From the article: _"Minimiaztion [sic], in essence, is the legal term for the
constraints placed upon the government's ability to retain non-relevant
private information collected legally. Here is the technical definition of
"minimization," as supplied by 50 U.S.C. 1806 (A):_

    
    
        Information acquired from an electronic surveillance conducted pursuant 
        to this subchapter concerning any United States person may be used 
        and disclosed by Federal officers and employees without the consent of 
        the United States person only in accordance with the minimization 
        procedures required by this subchapter. No otherwise privileged 
        communication obtained in accordance with, or in violation of, the 
        provisions of this subchapter shall lose its privileged character. No 
        information acquired from an electronic surveillance pursuant to this 
        subchapter may be used or disclosed by Federal officers or employees 
        except for lawful purposes.
    

_"So -- the saving grace for civil liberties is the requirement that the
government get rid of the information it accidentally or incidentally collects
on people that isn't considered foreign intelligence information."_

------
stfu
So we are reaching a stage where government is not just dancing around hot
issues but by now they apparently don't even pretend to give a crap anymore.

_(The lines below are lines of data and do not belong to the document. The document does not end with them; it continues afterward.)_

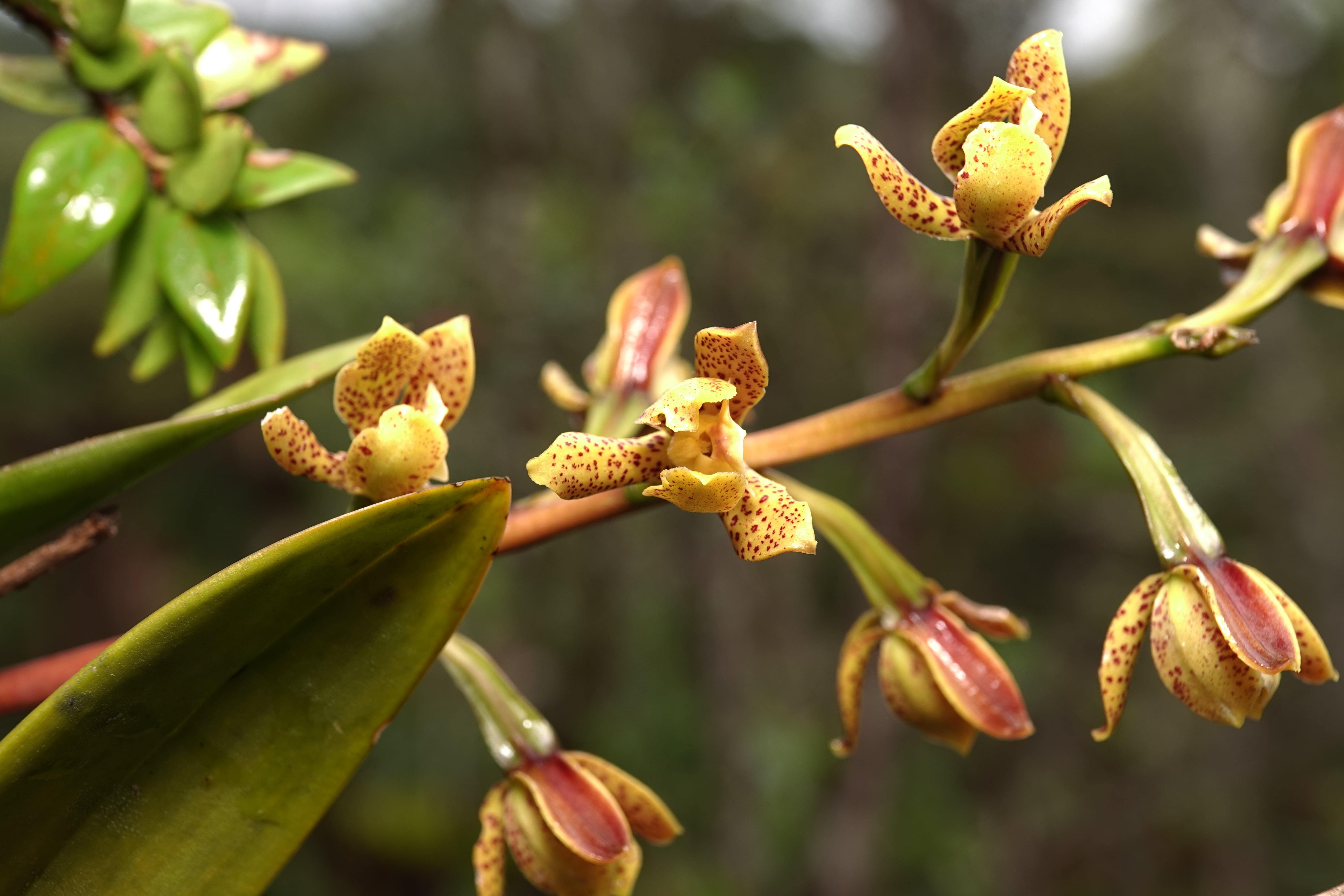 Prosthechea sp 3. La Honda.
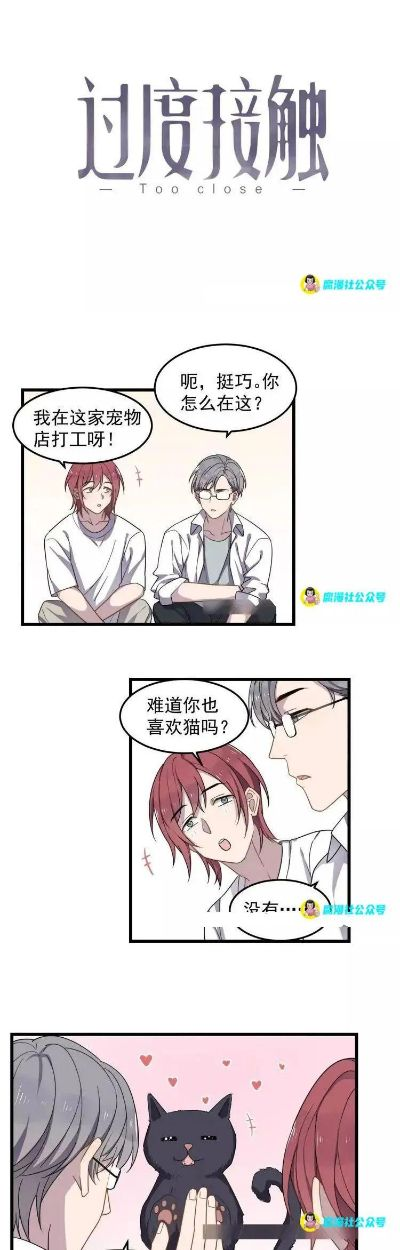 腐漫畫app下載官方,互動(dòng)策略解析&amp;6DM_v6.903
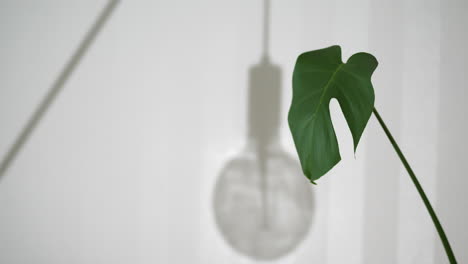 Hausquarantänekonzept-Der-Schnell-Fliegenden-Zeit-Mit-Schatten-Der-Lampe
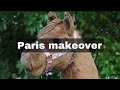 Paris makeover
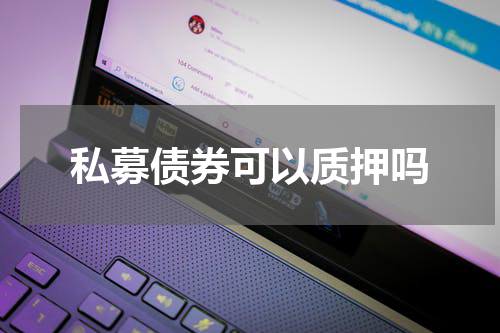 私募债券可以质押吗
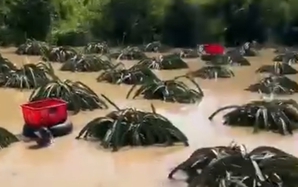CLIP: Nông dân bám vào ruột xe tải bơi vào vườn thanh long để thu hoạch chạy lũ
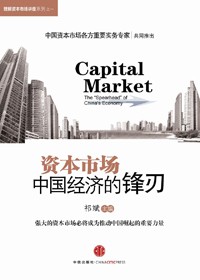 中国经济的锋刃:资本市场
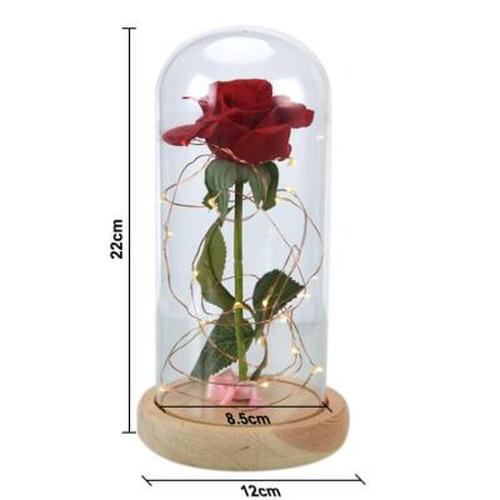 Enchanted Forever Rose Flower Lamp In Glass LED Light Christmas Decoration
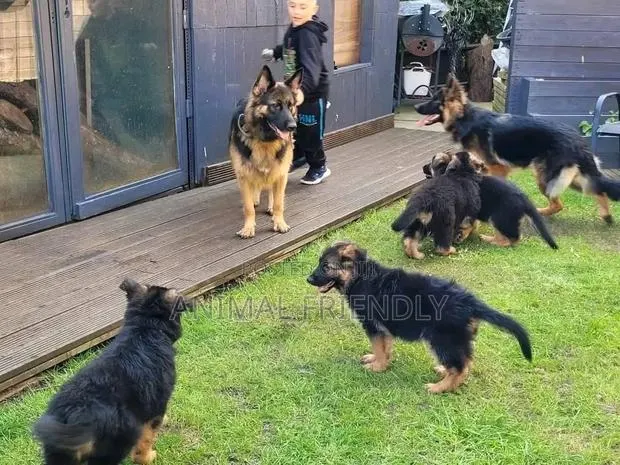 3-6 months Female Purebred German Shepherd · Photo 1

Unfortunately there are still enough people around whos' reaction to this is
"let's start and online petition and beg the administration to declassify all
the "and"s in the text".

------
D9u
The best way to beat the censors is for multiple parties to request the same
data at different times.

Oftentimes the resulting FOIA documents will be redacted in differing ways,
allowing the various parties to "compare notes" and hopefully piece together
the complete picture.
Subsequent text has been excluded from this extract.